Ainsi, l’impression donnée est celle d’une troupe qui organise son retrait de manière très ordonnée, son adversaire reprenant prudemment le contrôle des zones abandonnées, sans presser les partants. C’est l’option B que j’avais donnée la semaine dernière. C’est peut-être à cette aune qu’il faut comprendre les messages ukrainiens de la fin de la semaine dernière, évoquant un piège. Leur renseignement a dû observer tous ces mouvements préalables mais s’interroger sur leur interprétation. D’où l’idée du piège.
A ce jour, les Russes sont installés derrière la barrière fluviale du Dniepr, les Ukrainiens ont repris Kherson.
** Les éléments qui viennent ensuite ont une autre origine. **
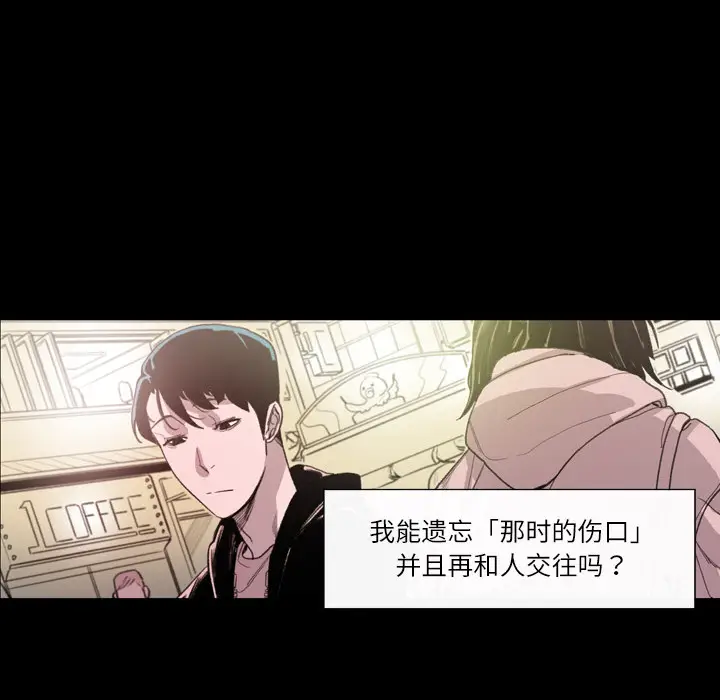 大声说爱我[顶通]韩漫全集-第1话无删减无遮挡章节图片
Symboliquement et politiquement, c’est un nouveau revers russe et un nouveau succès ukrainien, sans conteste.
Front de Zaporijia : la bataille pour Pavlivka se déroule depuis quinze jours : les Russes auraient à nouveau repris la bourgade, malgré le feu ukrainien venant de la position dominante de Vouhledar. Ils continueraient de presser dans le secteur (SE de Donetsk).
Front de Donetsk : Là encore, de micro-progressions russes. Optyne, au nord de l’aéroport, aurait été finalement pris. La pression sur Vodyane, dernier verrou ukrainien avant Avdivka, reste forte. Poussée très limitée vers Pervormaiske et au sud.
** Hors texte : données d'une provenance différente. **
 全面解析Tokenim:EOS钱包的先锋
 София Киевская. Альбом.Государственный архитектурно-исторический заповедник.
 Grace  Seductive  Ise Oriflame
Secteur de Bakhmout : Le village de Mayorsk, juste au nord d’Horlivka, a été annoncé pris par les Russes trois fois cette semaine. L’incertitude demeure donc. La pression russe dans les faubourgs de Bakhmout et Soledar ne donne rien.
Plus au nord, les efforts ukrainiens sur la ligne de Svatove se succèdent mais sont repoussés par les Russes. Hier, l’effort portait sur Kuzemivka, au nord de Svatove, quand jusqu’à présent, les Ukrainiens poussaient entre Kreminne et Svatove.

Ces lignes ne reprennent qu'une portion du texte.